Atelier d'Evrard d'Espinques. Centre de la France (Ahun), vers 1475.
BnF, Manuscrits, Français 115 fol. 380v
© Bibliothèque nationale de France
Après sa victoire contre Méléagant, Lancelot repart pour le royaume de Gorre où il doit répondre au défi d'un chevalier l'accusant de l'avoir emporté par traîtrise. En chemin, il rencontre Margonde de Neuf Château, qui se fait l'écho des médisances répandues par Morgane sur le compte de Guenièvre. Sans se faire connaître, Lancelot engage le combat pour laver l'honneur de sa Dame, puis il envoie son adversaire se constituer prisonnier de la reine. Quand il arrive à la cour, Margonde se jette aux pieds de Guenièvre et implore sa pitié : "Ma Dame, je suis envoyé à vous par celui qui est votre chevalier : il m'a vaincu au combat". Margonde raconte son aventure, "mais jamais, dit-il, ce chevalier n'a consenti à me dire son nom, m'ordonnant de vous le demander". La reine lui révèle alors que son vainqueur n'est autre que Lancelot.
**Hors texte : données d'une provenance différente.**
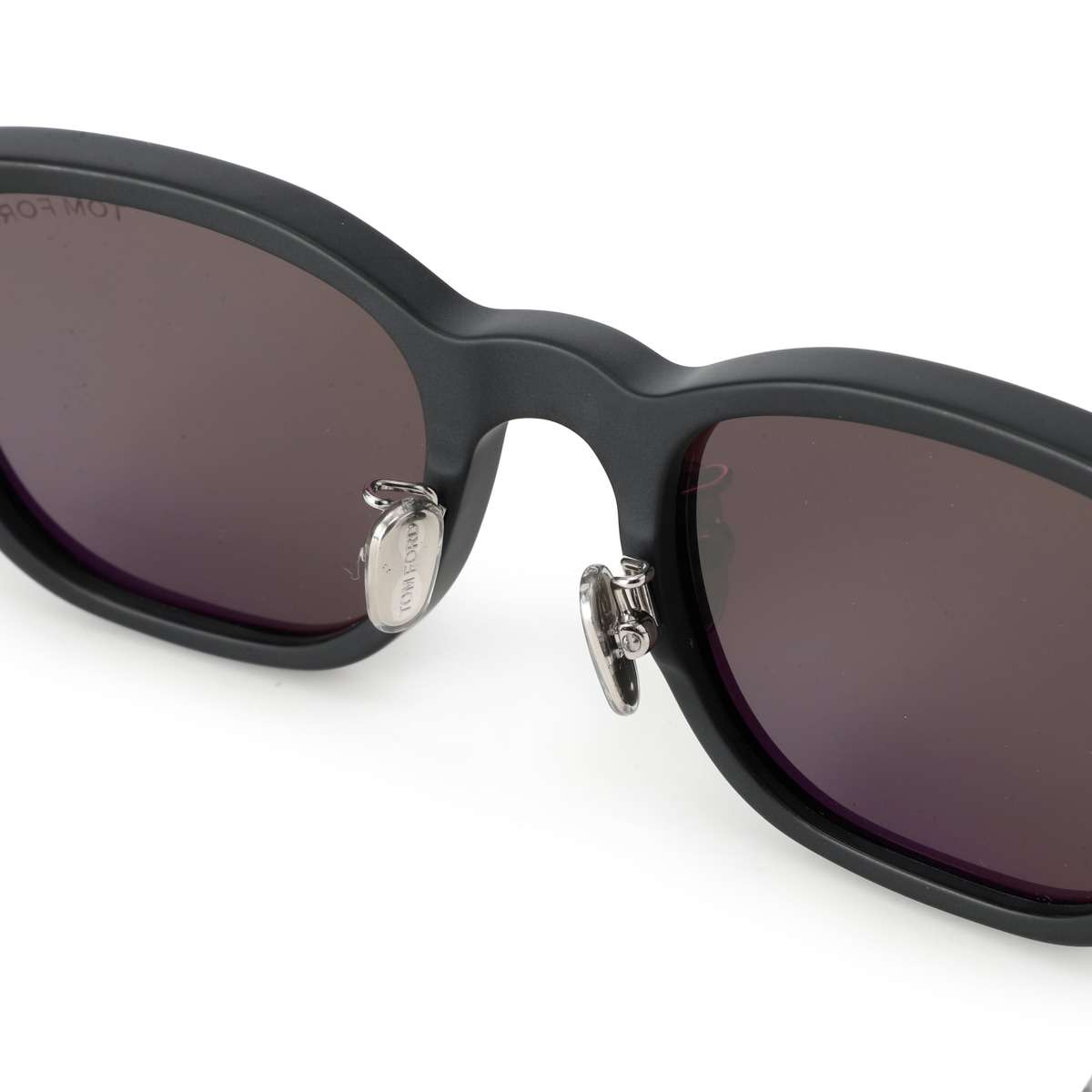 TOM FORD トムフォード サングラス/FT1231-D アジアンフィット 【日本企画】 スクエア型 ウェリントン型 メンズ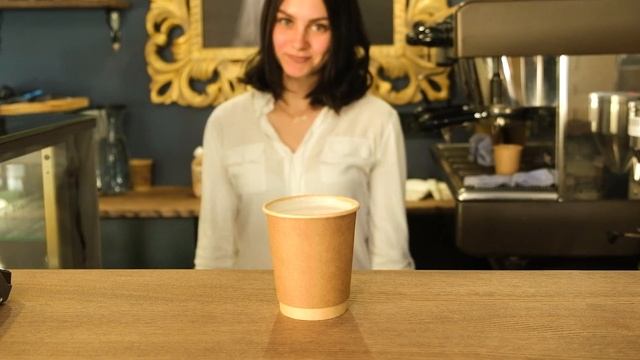 Opening of a coffee house | fujifilm x-s10 | fujinon xf 18-55mm f/2,8-4 OIS R смотреть онлайн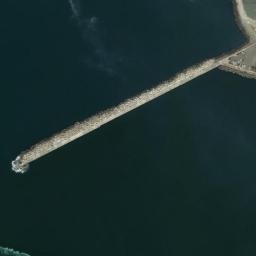 Satellite imagery of 三等三角點 內補77, TW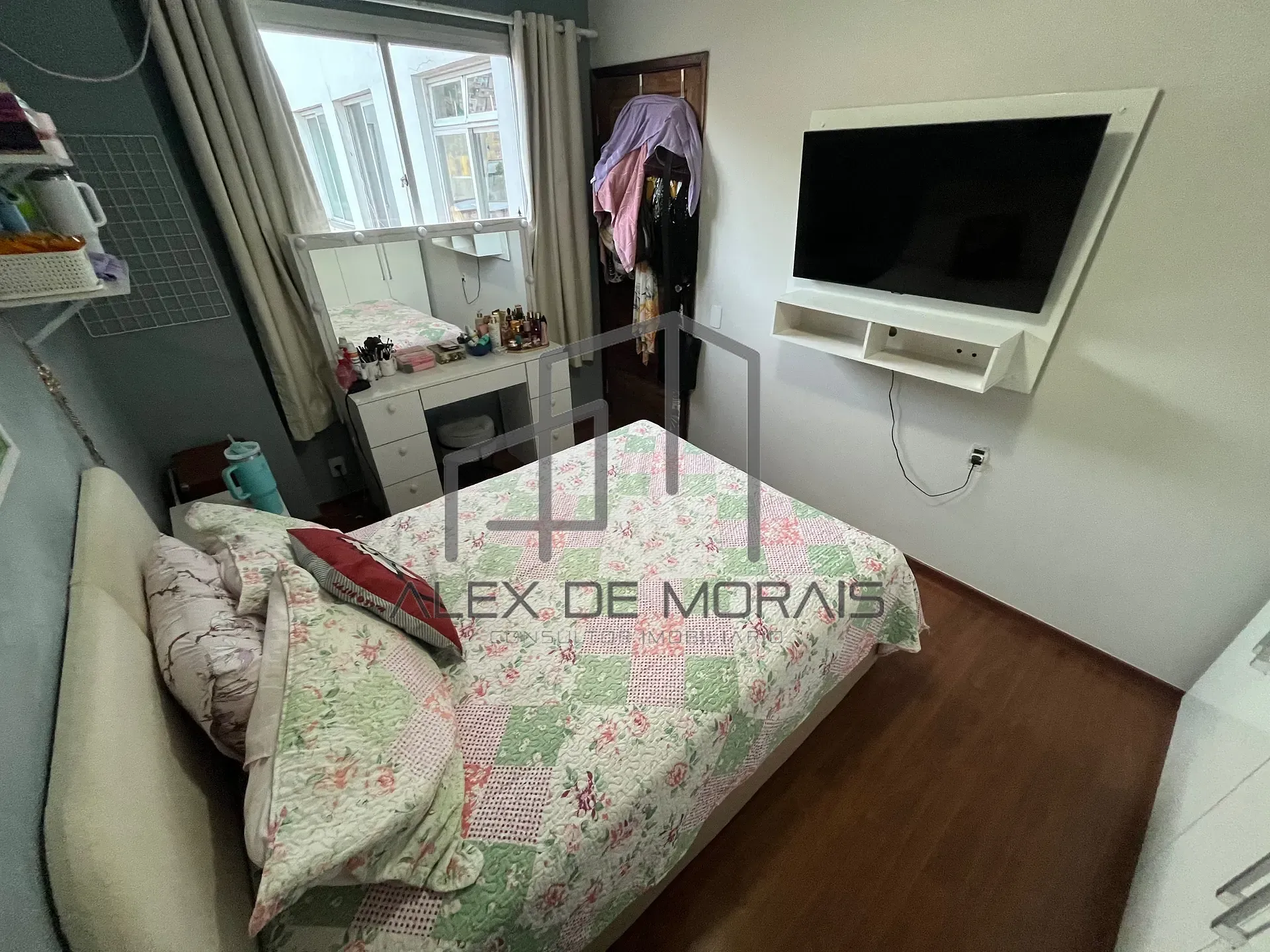 Apartamento, 3 quartos, 120 m² - Foto 29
La peinture illustre le moment où Margonde se jette aux pieds de la reine et "implore humblement sa pitié" avant de s'entretenir avec elle. Dans une pièce assez sombre, Guenièvre, accompagnée de quelques unes de ses dames, saisit le pommeau de l'épée que le chevalier lui tend en signe de totale soumission. Cette scène d'allégeance met en relief avec un sens avéré de l'esprit courtois, le personnage de Guenièvre dont la robe rehaussée de fil d'or et de fourrure de vair retombe en plis droits et épais lui donnant une silhouette à la fois forte et élégante, traduisant simultanément le pouvoir de son rang et la fragilité de son être.